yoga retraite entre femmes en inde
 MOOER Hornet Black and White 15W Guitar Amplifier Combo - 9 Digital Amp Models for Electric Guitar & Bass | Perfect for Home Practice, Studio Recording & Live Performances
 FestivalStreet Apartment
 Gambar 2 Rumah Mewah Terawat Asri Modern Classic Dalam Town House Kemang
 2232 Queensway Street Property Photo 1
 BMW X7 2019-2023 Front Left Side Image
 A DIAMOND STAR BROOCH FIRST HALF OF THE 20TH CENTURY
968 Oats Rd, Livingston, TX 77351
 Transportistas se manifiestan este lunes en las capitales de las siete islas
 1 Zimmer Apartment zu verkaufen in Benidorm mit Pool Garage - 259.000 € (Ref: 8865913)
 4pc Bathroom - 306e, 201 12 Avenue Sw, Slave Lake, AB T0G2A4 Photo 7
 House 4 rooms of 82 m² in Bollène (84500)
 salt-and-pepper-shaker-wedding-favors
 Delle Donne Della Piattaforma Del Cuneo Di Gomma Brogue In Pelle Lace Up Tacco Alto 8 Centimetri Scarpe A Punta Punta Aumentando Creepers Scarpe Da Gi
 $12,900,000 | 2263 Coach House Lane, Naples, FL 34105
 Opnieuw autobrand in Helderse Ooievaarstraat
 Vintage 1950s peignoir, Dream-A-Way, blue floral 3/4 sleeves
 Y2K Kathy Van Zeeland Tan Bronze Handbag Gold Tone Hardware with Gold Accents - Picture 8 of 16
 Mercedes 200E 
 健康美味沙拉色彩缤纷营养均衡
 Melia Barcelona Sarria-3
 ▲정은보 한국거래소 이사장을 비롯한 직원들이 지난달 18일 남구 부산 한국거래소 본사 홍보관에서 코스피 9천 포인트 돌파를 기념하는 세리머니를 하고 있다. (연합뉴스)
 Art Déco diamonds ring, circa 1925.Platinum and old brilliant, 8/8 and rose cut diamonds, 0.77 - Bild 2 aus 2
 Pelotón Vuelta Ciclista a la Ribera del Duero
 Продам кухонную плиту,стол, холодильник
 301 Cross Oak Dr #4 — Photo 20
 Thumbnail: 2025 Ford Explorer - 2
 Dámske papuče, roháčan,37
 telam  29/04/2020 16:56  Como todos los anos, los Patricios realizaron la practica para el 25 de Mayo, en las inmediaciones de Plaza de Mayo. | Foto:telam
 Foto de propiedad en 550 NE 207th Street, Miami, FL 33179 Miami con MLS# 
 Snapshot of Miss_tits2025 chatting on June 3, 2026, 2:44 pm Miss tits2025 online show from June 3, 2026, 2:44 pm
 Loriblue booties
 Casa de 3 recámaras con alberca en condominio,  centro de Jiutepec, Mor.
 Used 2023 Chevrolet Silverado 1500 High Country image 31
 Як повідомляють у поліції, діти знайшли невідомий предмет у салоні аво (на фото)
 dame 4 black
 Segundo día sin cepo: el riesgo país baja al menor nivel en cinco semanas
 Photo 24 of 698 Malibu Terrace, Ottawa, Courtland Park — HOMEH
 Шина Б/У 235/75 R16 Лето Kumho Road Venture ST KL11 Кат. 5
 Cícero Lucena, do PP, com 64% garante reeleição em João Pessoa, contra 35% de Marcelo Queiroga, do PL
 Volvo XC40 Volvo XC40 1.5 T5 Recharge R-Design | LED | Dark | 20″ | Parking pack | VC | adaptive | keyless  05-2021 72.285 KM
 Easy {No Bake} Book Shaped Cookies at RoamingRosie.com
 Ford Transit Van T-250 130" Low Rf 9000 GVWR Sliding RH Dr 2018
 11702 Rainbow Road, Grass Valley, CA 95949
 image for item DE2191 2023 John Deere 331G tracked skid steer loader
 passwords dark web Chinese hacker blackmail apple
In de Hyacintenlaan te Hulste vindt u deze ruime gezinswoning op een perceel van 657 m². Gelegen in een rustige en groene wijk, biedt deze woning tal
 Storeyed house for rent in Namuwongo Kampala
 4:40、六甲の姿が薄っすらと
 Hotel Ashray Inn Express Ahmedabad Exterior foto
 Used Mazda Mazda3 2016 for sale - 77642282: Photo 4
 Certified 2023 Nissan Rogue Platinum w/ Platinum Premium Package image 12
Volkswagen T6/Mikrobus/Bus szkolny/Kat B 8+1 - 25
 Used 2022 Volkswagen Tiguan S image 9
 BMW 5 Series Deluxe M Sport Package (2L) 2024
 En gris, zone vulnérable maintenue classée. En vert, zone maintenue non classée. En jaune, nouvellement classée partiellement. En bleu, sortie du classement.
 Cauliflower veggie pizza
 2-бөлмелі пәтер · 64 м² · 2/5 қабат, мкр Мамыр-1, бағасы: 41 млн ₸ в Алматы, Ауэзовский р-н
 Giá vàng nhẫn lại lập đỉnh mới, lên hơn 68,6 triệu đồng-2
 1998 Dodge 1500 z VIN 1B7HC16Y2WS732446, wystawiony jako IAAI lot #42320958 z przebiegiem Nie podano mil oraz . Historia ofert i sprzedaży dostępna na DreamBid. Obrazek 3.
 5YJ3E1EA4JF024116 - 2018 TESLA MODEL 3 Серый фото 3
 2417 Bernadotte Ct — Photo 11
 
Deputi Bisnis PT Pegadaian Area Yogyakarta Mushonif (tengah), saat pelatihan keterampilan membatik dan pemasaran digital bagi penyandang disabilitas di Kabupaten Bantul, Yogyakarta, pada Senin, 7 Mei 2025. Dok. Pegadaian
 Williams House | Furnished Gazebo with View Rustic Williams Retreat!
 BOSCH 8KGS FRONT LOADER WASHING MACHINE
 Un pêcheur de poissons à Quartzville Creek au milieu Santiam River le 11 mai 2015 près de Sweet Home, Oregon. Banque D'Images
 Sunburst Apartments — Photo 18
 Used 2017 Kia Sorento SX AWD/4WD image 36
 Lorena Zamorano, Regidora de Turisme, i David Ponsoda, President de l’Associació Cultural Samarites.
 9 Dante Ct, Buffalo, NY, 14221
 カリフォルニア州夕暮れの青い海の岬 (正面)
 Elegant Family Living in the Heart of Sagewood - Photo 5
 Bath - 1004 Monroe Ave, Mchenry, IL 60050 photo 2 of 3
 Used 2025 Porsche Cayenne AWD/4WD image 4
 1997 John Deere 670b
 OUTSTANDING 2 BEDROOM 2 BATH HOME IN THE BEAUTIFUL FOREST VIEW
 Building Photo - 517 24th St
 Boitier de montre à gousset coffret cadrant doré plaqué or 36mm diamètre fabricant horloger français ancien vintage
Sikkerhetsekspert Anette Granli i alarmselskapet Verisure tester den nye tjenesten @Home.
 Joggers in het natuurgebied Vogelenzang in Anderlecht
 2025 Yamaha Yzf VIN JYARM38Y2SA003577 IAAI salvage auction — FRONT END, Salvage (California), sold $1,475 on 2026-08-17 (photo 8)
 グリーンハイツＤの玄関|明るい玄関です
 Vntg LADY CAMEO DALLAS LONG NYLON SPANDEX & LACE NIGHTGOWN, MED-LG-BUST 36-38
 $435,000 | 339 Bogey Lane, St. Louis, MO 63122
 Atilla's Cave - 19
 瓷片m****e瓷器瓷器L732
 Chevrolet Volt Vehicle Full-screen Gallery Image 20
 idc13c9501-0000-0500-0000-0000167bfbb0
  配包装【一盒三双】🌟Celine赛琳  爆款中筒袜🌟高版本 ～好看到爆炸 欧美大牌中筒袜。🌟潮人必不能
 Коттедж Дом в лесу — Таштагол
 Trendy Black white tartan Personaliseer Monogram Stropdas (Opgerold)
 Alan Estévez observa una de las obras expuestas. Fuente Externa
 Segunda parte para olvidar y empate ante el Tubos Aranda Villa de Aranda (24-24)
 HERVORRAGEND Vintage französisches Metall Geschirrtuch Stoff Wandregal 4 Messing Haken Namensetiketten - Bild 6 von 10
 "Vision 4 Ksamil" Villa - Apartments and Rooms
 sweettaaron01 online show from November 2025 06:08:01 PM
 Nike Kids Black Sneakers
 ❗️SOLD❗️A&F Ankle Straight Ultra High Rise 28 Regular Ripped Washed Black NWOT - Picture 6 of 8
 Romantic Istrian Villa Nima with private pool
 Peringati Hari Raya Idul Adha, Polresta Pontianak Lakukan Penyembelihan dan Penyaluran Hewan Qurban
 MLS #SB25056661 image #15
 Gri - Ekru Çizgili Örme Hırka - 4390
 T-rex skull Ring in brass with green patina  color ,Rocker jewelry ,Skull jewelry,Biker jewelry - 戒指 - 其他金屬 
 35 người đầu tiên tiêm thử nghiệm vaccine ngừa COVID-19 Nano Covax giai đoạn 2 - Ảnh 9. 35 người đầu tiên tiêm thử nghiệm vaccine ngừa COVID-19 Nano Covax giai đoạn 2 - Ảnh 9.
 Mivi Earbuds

WORK INSTRUCTIONS. Bring together each line above where the string "with" turns up.

RESULT OF THE EXERCISE.
 Y2K Kathy Van Zeeland Tan Bronze Handbag Gold Tone Hardware with Gold Accents - Picture 8 of 16
 Williams House | Furnished Gazebo with View Rustic Williams Retreat!
 Romantic Istrian Villa Nima with private pool
 T-rex skull Ring in brass with green patina  color ,Rocker jewelry ,Skull jewelry,Biker jewelry - 戒指 - 其他金屬 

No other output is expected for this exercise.